Fordyce’s father, Alexander Dingwall Fordyce (1800-64), was a naval officer who inherited the family estates of Culsh and Brucklay Castle from his brother in 1843. One of the leaders of Aberdeen’s Free Church party, Fordyce senior was Liberal MP for the city, 1847-52. Educated at Edinburgh university, William Dingwall Fordyce was admitted to the faculty of advocates in 1861, but did not practice.
In May 1866 Fordyce successfully contested the Aberdeenshire by-election, and like his father twenty years previously was accused of having a secret Free Church agenda.
Fordyce was mainly concerned with agricultural questions, particularly those relating to Scotland. In his maiden speech, 20 July 1866, he welcomed a bill to exempt hares and rabbits from the game laws. Although the bill did not apply to deer, which Fordyce thought were equally as destructive as hares and rabbits, he declared that the measure would give ‘great satisfaction to farmers’.
In the same session, Fordyce repeatedly pressed for government compensation for farmers affected by the cattle plague in Aberdeenshire.
During the debates on the 1868 representation of the people (Scotland) bill, Fordyce seconded Duncan McLaren’s abortive motion for a redistribution scheme that dealt with England, Scotland and Ireland together. On the basis of its population and contribution to the public revenue, Scotland merited at least 15 extra MPs, Fordyce argued, 18 May 1868. He backed the Conservative government’s proposal to split Aberdeenshire into two single-member divisions.

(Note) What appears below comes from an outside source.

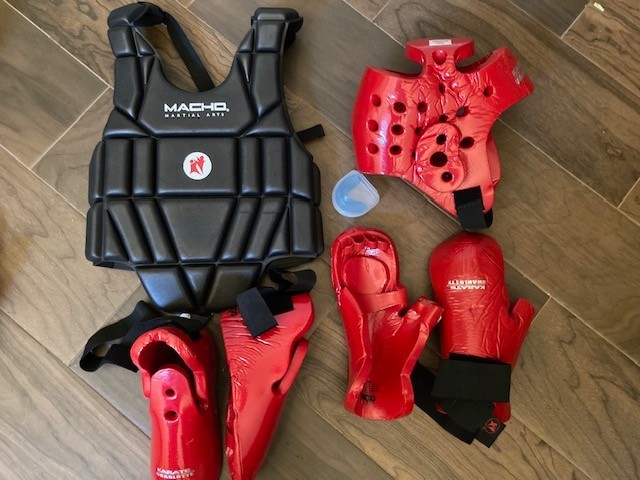 The Macho Warrior Full Body Gear Martial Arts Sparring Medium Youth 7 Pieces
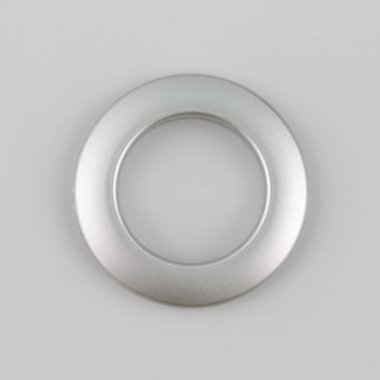 Gri arka planda korniş sabitleme için perde grommet halka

Fordyce was returned for Aberdeenshire East as a Liberal at the 1868 general election and re-elected in 1874. He died aged 39 in November 1875 after suffering a ‘bad bilious attack’ after getting wet during a shooting trip. A ‘keen sportsman’, Fordyce was an ‘excellent golf player’ and a marksman of some repute. He had regularly participated in the annual rifle competition between the Houses of Lords and Commons held at Wimbledon, ‘and more than once made the highest score of either side’.